=== INPUT DATA ===
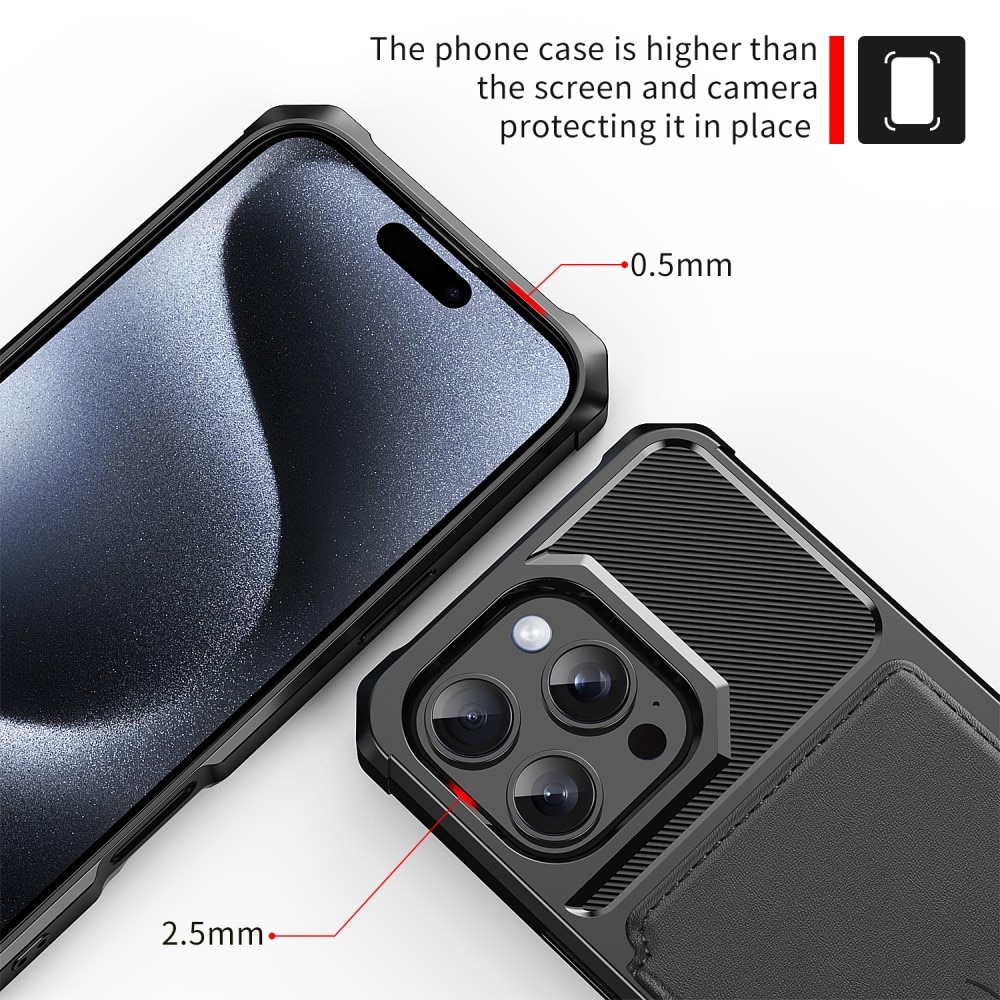Coque porte-cartes Tough Multi-slot iPhone 16 Pro, Noir
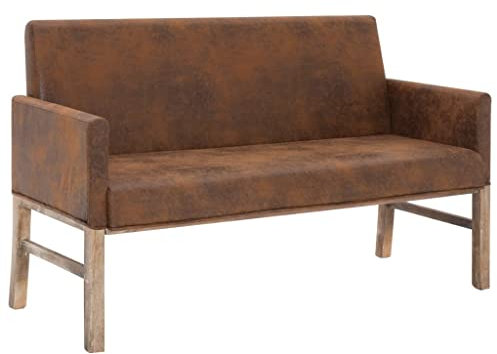 Makastle Wildleder-Optik Design Bank mit Armlehnen und Rückenlehne, Sitzbank Esstisch Bank Esszimmersitzbank Sitzbank Küchensitzbank Polsterbank für Esszimmer Wohnzimmer Flur, 140 cm Braun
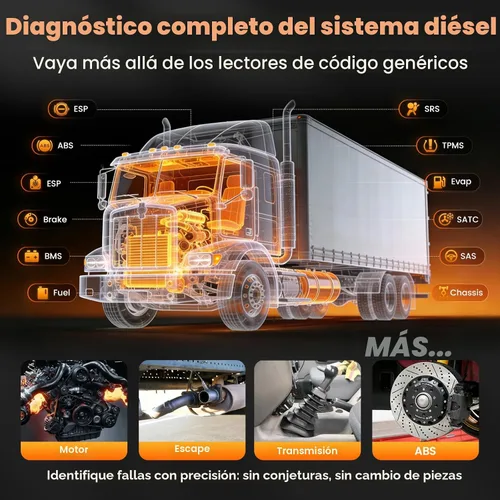 Vista 2 de ANCEL Escáner de Camión Resistente HD601 Herramienta de Diagnóstico de Sistema Completo para Diésel Compatible con Cummins, Detroit, Freightliner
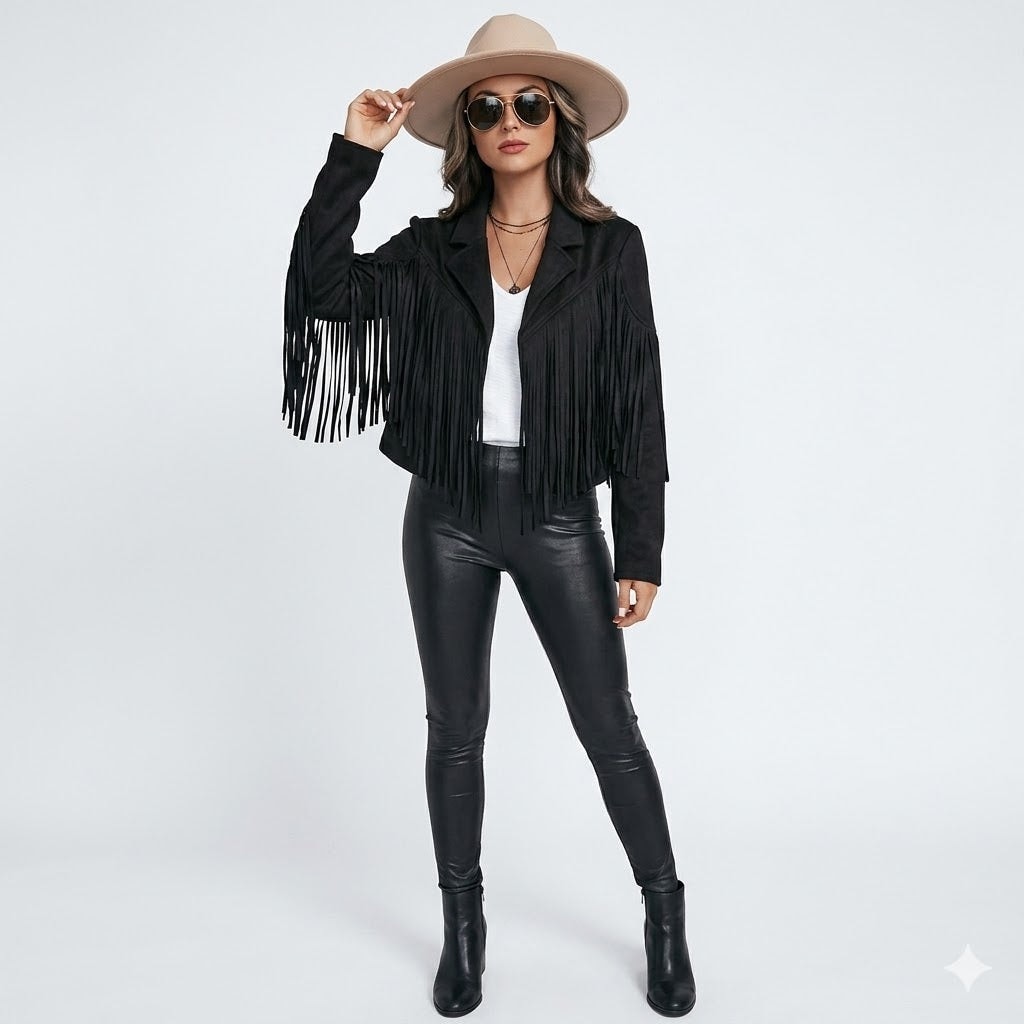 Bianca Rossi Fringe Suede-Look Cropped Jacket for Women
===
→ DESCRIPTION OF THE TASK:
Skip the pictures, then return the rest of the data exactly.

→ REPLY:
Coque porte-cartes Tough Multi-slot iPhone 16 Pro, Noir
 Makastle Wildleder-Optik Design Bank mit Armlehnen und Rückenlehne, Sitzbank Esstisch Bank Esszimmersitzbank Sitzbank Küchensitzbank Polsterbank für Esszimmer Wohnzimmer Flur, 140 cm Braun
 Vista 2 de ANCEL Escáner de Camión Resistente HD601 Herramienta de Diagnóstico de Sistema Completo para Diésel Compatible con Cummins, Detroit, Freightliner
 Bianca Rossi Fringe Suede-Look Cropped Jacket for Women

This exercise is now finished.